[SUPPLIED DATA Boundary: Start]

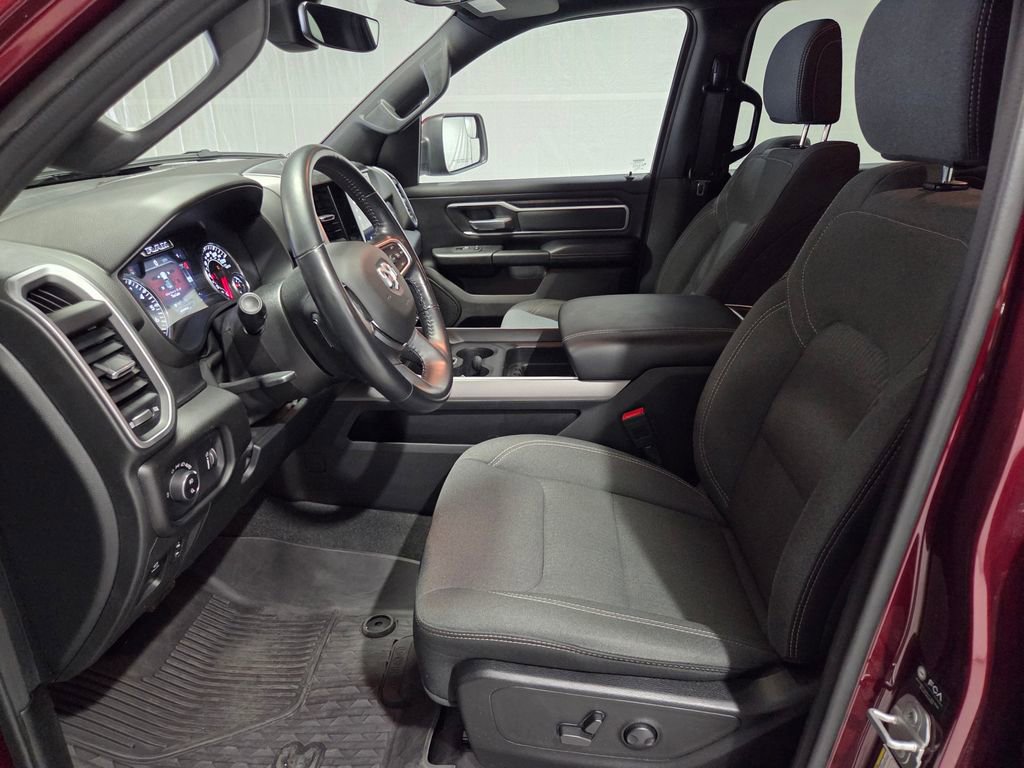 Certified 2022 RAM 1500 Big Horn image 10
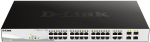D-Link DGS-1210-28MP 28-Port Layer2 PoE+ Smart Switch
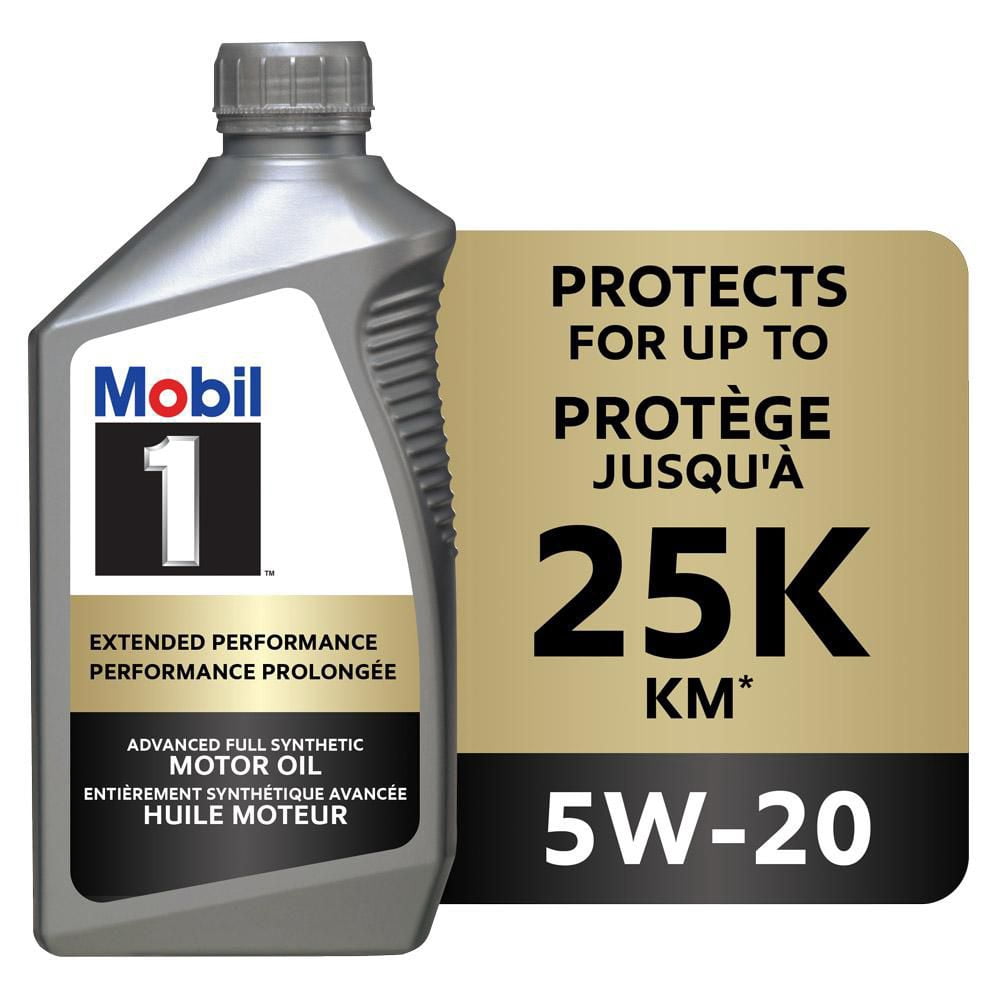 F-IMPERIAL OIL MOBIL-1 ESP 0W30 4.73l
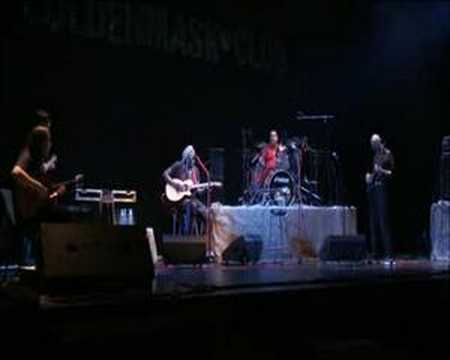 Geoffrey Oryema, Tony Levin - concert 04.29.2006,Mosco...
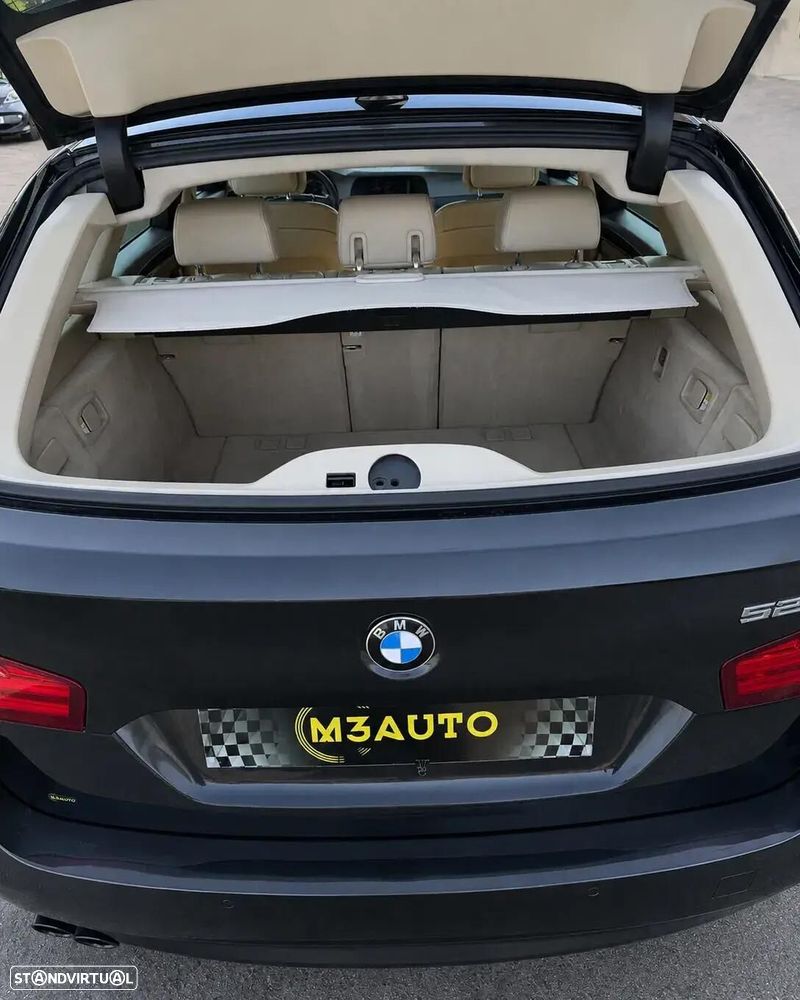 BMW 520 d - 5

[SUPPLIED DATA Boundary: End]

§ **EXERCISE**: Type out all of the records exactly, leaving out any picture.

§ **EXERCISE RESULT**:
 Certified 2022 RAM 1500 Big Horn image 10
D-Link DGS-1210-28MP 28-Port Layer2 PoE+ Smart Switch
 F-IMPERIAL OIL MOBIL-1 ESP 0W30 4.73l
 Geoffrey Oryema, Tony Levin - concert 04.29.2006,Mosco...
 BMW 520 d - 5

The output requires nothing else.